EXERCISE DATA:
● ● ● ● ● ● ●
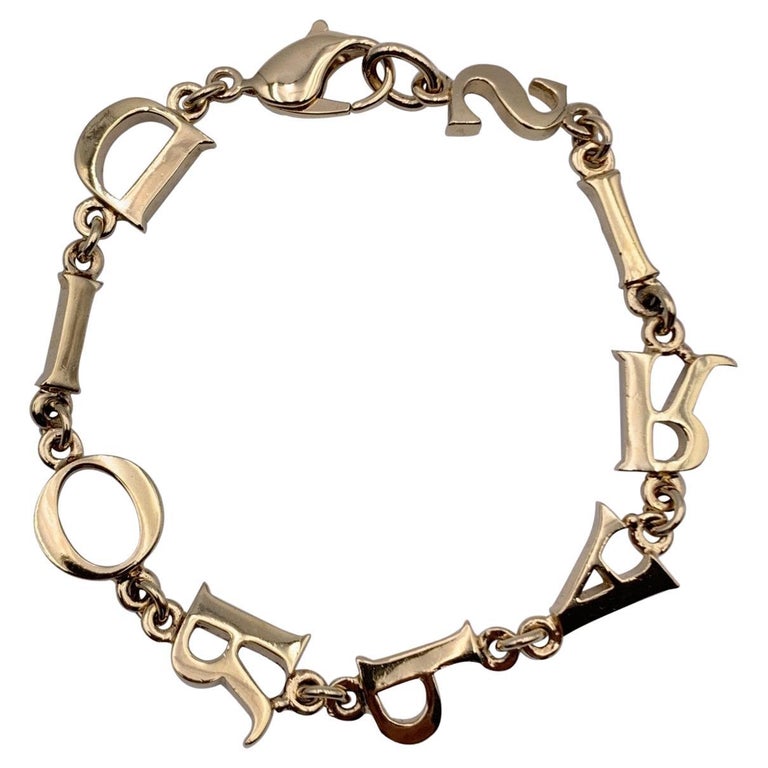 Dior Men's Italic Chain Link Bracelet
● ● ● ● ● ● ●
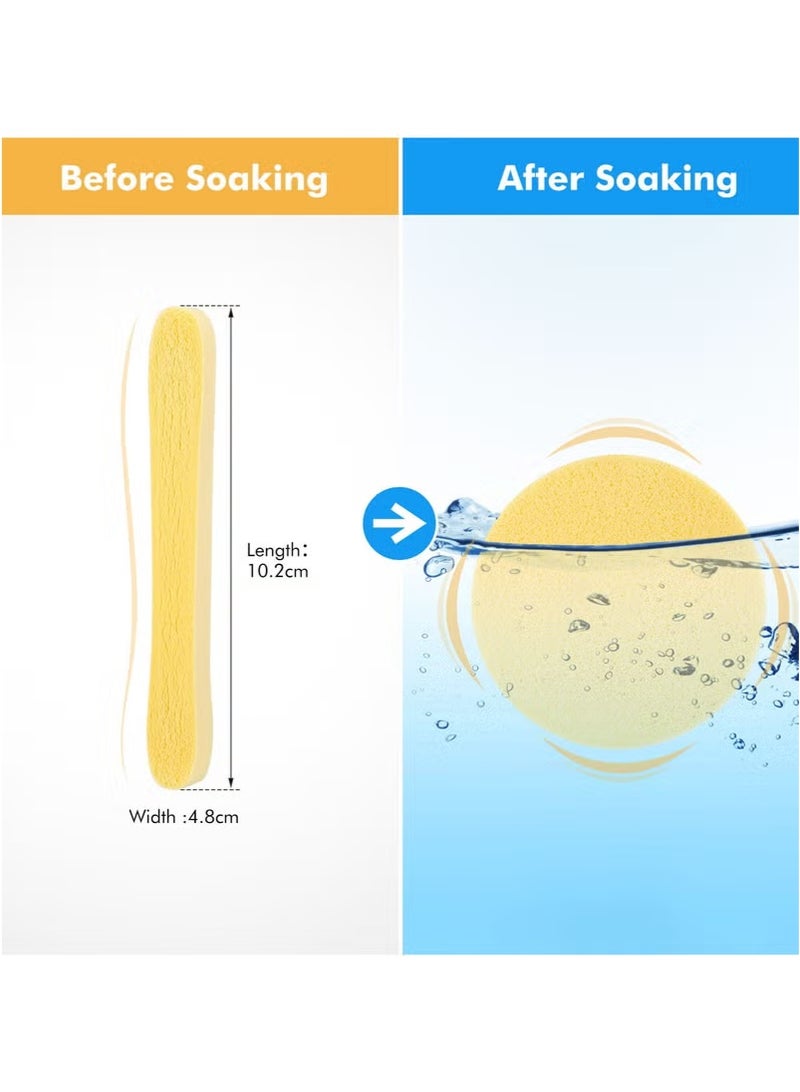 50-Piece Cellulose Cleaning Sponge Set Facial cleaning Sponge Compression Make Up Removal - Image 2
● ● ● ● ● ● ●
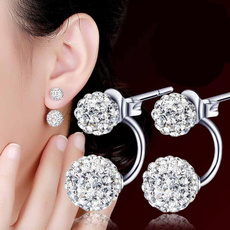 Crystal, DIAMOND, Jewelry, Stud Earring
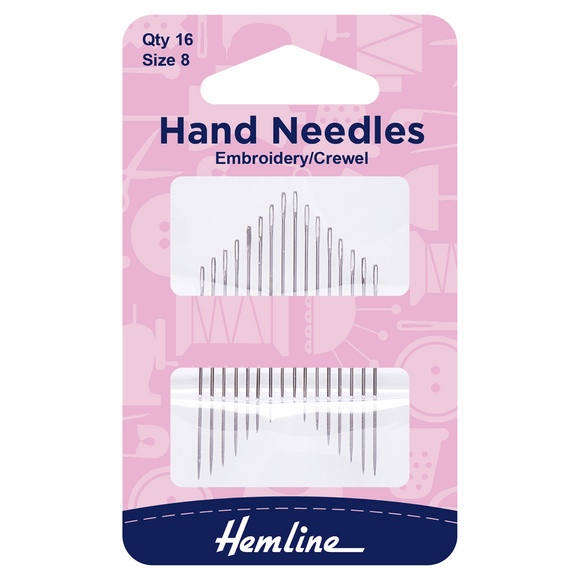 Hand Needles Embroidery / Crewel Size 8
● ● ● ● ● ● ●
EXERCISE BRIEF:
Above are some entries. Restate word for word the lines from the one holding "Crystal, DIAMOND, Jewelry, Stud Earring" through the one holding "Hand Needles Embroidery / Crewel Size 8", but not the pictures.

RESULT FOR THIS TASK:
 Crystal, DIAMOND, Jewelry, Stud Earring
 Hand Needles Embroidery / Crewel Size 8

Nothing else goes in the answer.